Spence brings an outside perspective. The last two city managers — Brett Estes and Paul Benoit — had long tenures as community development director before taking over the top job.

"I sometimes say that when you're in city government, you really are in the quality of life business," Spence said. "And so, are we providing essential services to the residents of Astoria? Are we meeting the needs of the residents and the business community? And are we actually sustaining the business community and actually making sure that they're successful?"

In an interview, Spence discussed the biggest public policy challenge facing the city and how he will define success.

Q: What have you learned about Astoria that you did not know when you applied for the job as city manager?

A: Well, I think I somewhat knew, but I think it's been magnified. I just think there is a true pride in being in Astoria — or actually even being born and raised in Astoria.

And I think that's something special. It communicates how much people care about their community and their city.

When you do have the interaction like, well, where are you from? Most places, when you travel and you say, 'Where are you from?' My assumption is people would say, 'I'm from Astoria.' They don't say, 'I'm from Portland.' They don't say I'm from the bigger city.

People know this area and the history, and there is a point of pride in that.

Q: What do you consider the biggest public policy challenges facing the city?

A: Housing clearly is an obvious issue. I'm currently confronting that myself, in trying to relocate from another state to Astoria.

And clearly Astoria is predominantly built out, and so you don't have greenfields or new housing subdivisions. So that will be the challenge.

How do you keep the vibrancy of the community, but still allow some ability for people to want to live? And people that work here. The great thing about being part of the city, you want to be able to live where you work.

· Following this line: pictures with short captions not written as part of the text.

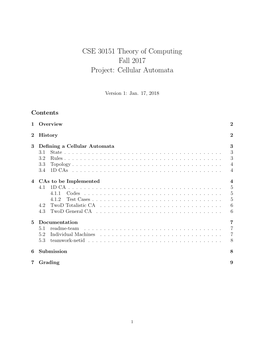CSE 30151 Theory of Computing Fall 2017 Project: Cellular Automata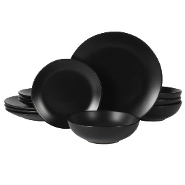 Juego de vajilla de cerámica fina redonda de 12 piezas Gibson Home Everyday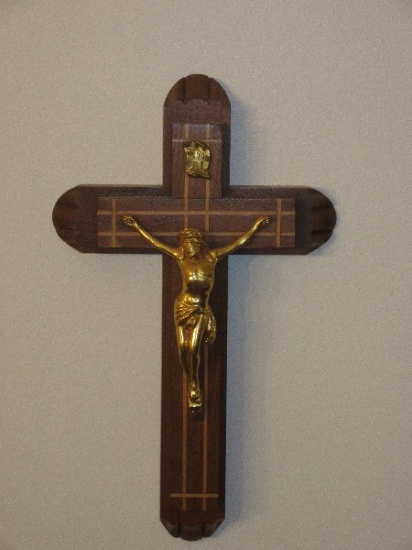 Walnut Sick Call Crucifix Set Consist of A Crucifix, 2 Candles & Holy Water Vessel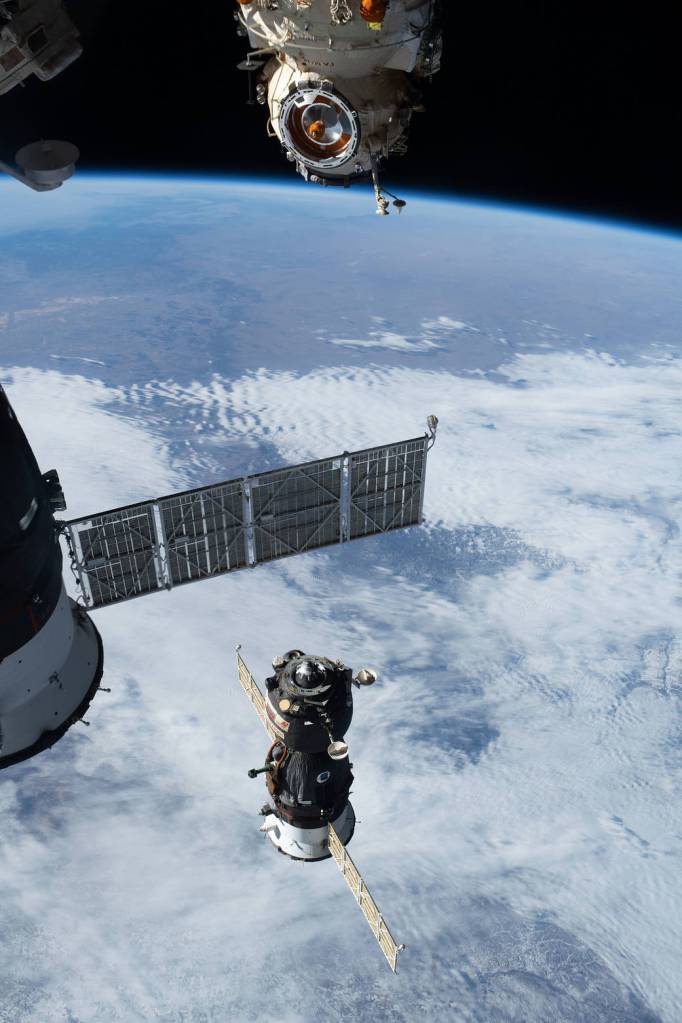 The Soyuz MS-18 crew ship undocks from Nauka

So it would be great to have everyone have that opportunity.

That is a challenge and it's going to take some creativity to see how at some point you can move those margins.

Q: Astoria is a unique place and people who live here are rightly protective of its history and culture. But we've seen an ugly strain in our politics over the past few years around themes of preserving "our town," especially in the housing discussion. Coming from the outside, how do you deal with that as a leader?

A: Well, I think every community wants to preserve their quality of life.

I think when people come to an area, there is an element of what should be preserved and what should be changed. I guess, to some degree, I think that's a little bit early for me to say, kind of this is what we need to do, so to speak.

But people come here because the community is great as it is. So it's kind of interesting in terms of preserving. There is a point of saying, yeah, let's preserve what makes Astoria special. You do want to protect that.

I think there is a level of responsibility to make sure that Astoria is the community that it is because of what it's currently doing.

So I don't think you go in and disrupt that.

Q: There is sometimes a disconnect between how we see ourselves as a city and the reality. For all our vibrancy, there are still too many empty storefronts and underused properties downtown and along the river. Does Astoria need a better economic development strategy?

A: I've obviously visited Astoria before. I'm really impressed with what Astoria actually has, in terms of, you go to other communities, and you do see a lot more vacancies, a lot more buildings that are I'd say in disrepair.

There's a sense of vibrancy in Astoria. I think people should be proud of that.

The economic initiatives that have occurred prior, too, have actually helped Astoria what it currently is right now.

Clearly, you want to make sure that the business community is still successful. And if there's opportunities for future growth that can complement what is currently here, I think that would be a focus.

I think the economic direction that Astoria is on is good. You always want to make sure that there is job opportunities for people who come to Astoria.

I think what I've learned, the Hyak (Maritime) project on Tongue Point, that is unbelievable. That's great. If you can actually have a maritime industry, which is part of Astoria's history, I mean, that's great.

I think those opportunities are great to be able to build on and leverage.

Q: How are you going to define success in this role?

A: I sometimes say that when you're in city government, you really are in the quality of life business.

And so, are we providing essential services to the residents of Astoria? Are we meeting the needs of the residents and the business community? And are we actually sustaining the business community and actually making sure that they're successful?

I think, when we talk about economic sustainability, you want to make sure that the businesses that are currently here are being successful. So what can we do in partnership as the city government to make sure that they're being successful?

We're not only a partner, but we have a role, too, to make sure that we're creating a higher standard of life.

Q: What do you want people to know about you that they may not already?

A: I genuinely care about public service. I believe city government can be a force of good. I think it's an essential part of being a community.

I see government as being a partner with, really, the residents, the business community and trying to, again, preserve the quality of life that people enjoy here. And raise the quality of life for Astorians.